Installation instructions

You can install this extension by downloading binaries from the GitHub "Releases" section (in the right-hand column), or you can build from source.

Installing the extension

To install a signed version of the extension, download the .xpi file and open it in Firefox.

To load a testing version of the extension in Firefox Developer Edition, open about:debugging, select "This Firefox" in the left-hand list, then "Load Temporary Add-on…", and then browse to the manifest.json inside the extension/ directory.

Installing the native stub

If you are using prebuilt binaries, unzip all of the files and then run either ./install.sh (on Linux or macOS) or install.bat (on Windows). These installers will try to automatically copy the appropriate files into a sensible location and then configure a native manifest so that the browser can find it.

Prebuilt binaries are available for the following platforms:

  • macOS x86_64 and ARM64
  • Linux x86_64 and aarch64
  • Windows AMD64 and ARM64

If you are not using prebuilt binaries, see below.

"Unusual" configurations

The default installer is known to have problems with uncommon configurations such as:

  • sharing a *nix home directory across different computers with different CPU architectures
  • Windows roaming user profiles across computers with different CPU architectures

The root cause of this is because the "native manifest" mechanism was not designed well to take these situations into account (for example, through its use of absolute paths). If you are in one of these situations, you will unfortunately need to invent an ad-hoc workaround.

System requirements

This native stub tries to avoid doing anything too "exciting", but, due to development and testing resource constraints, it focuses on "reasonably modern" desktop platforms.

macOS

macOS 10.15 or later is required, matching Firefox's system requirements. However, older systems are not very well-tested. Expect macOS 12 to be a much more reasonable baseline.

Windows

Windows 10 or later is required, due to the requirements of the Rust platform support. This also matches Firefox system requirements. Backporting to Windows 8/8.1 might theoretically be possible, but any older is not expected to work (due to limitations in WinUSB).

Linux

Linux kernel version 4.8 or later is required. (More specifically, a kernel containing commit 5cce438 and USBDEVFS_CAP_REAP_AFTER_DISCONNECT is strongly recommended, and a kernel supporting USBDEVFS_DISCONNECT_CLAIM is required.)

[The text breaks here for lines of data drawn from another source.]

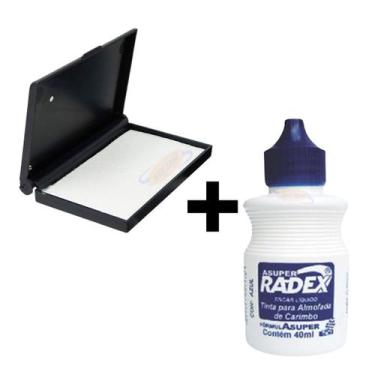 Imagem de Kit Almofada Para Carimbos Nº04 Grande + Tinta 40ml Azul - N/D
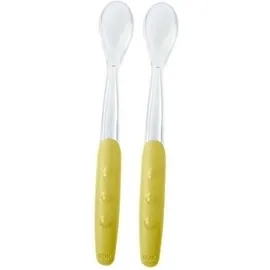 NUK Easy Learning Soft Spoon Μαλακό Κουταλάκι Σιλικόνης Πρώτης Βρεφικής Ηλικίας για Μωρά 4+ Μηνών Χρώμα Πράσινο Συσκευασία 2τεμ Code 10.255.065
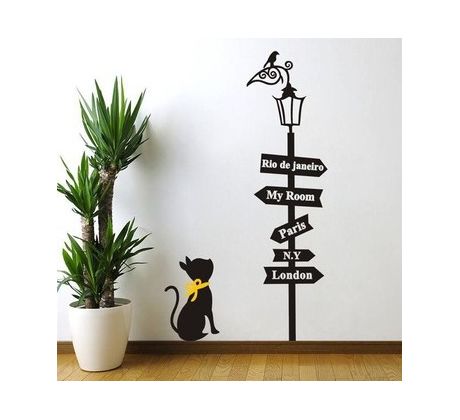 Samolepka na stenu-dekoratívna/mačka+smerové tabule+lampa =1 objednávka podstielky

Your system must have /dev and /sys mounted.

In order to detect USB devices being connected, a userspace with udev or a compatible daemon is required. Specifically, a daemon which broadcasts 0xfeedcafe-format messages on NETLINK_KOBJECT_UEVENT group 2 is required.

Compiling from source

In general, this native stub is written entirely in Rust and can be built using cargo build in the native-stub directory. Cross-compiling is supported and is configured by default for the supported platforms.

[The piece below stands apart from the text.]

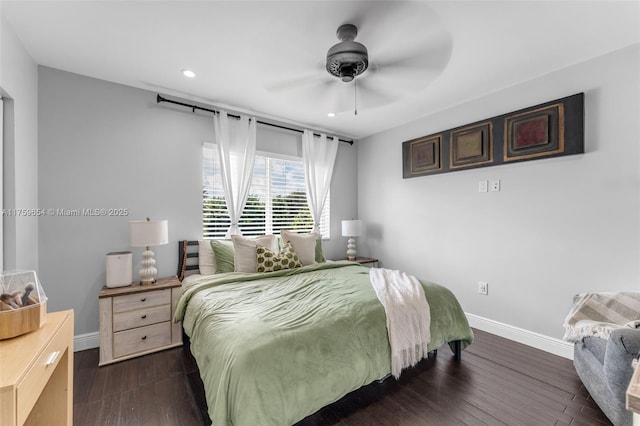 19050 SW 144th Ave, Miami, FL 33177 - bedroom featuring baseboards, recessed lighting, dark wood-style flooring, and ceiling fan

If this does not "just work", the following notes might help:

macOS

This really should just work. The repository contains a vendored copy of all the .tbd files needed to link the final binary. If that is somehow causing problems, disable the appropriate entries in .cargo/config.toml (which will then require you to have a macOS SDK installed).

Linux

Linux prebuilt binaries are set up to use musl libc with Rust's default of static linking. The goal of this is to produce binaries which work across any distro. If this is not desired, you may need to change the appropriate RUSTFLAGS.

Glibc builds should work but are not tested.

Windows

Windows prebuilt binaries are set up to build using mingw-w64 targeting the UCRT. This corresponds to the *-windows-gnullvm targets in Rust.

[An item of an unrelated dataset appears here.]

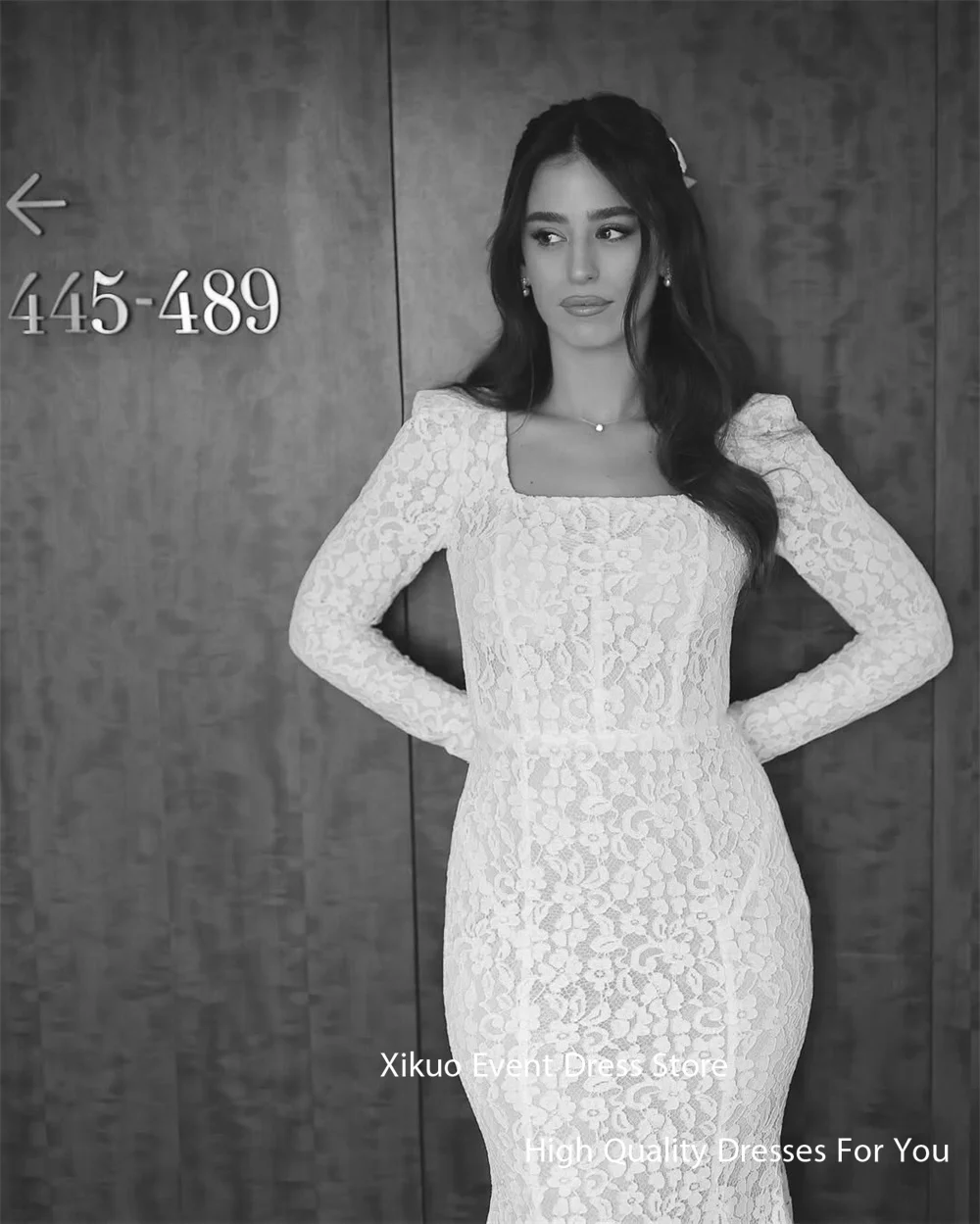 Xikuo Elegant Appliques ชุดแต่งงาน Chic ลูกไม้แขนยาวชุดเจ้าสาว Mermaid ภาพลวงตาผู้หญิง Vestido De Novia ที่กําหนดเอง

Windows is primarily tested using cross-builds from platforms other than Windows. Building on Windows is supposed to work, but may require adding the rust-mingw component. See the rustc documentation for more details.

If you are building this from a system other than Windows, you will need to obtain mingw-w64 .lib files from somewhere (such as by following the steps which happen to be in the Dockerfile). There is a hardcoded path in .cargo/config.toml which will need to be examined/changed in order to find these libraries.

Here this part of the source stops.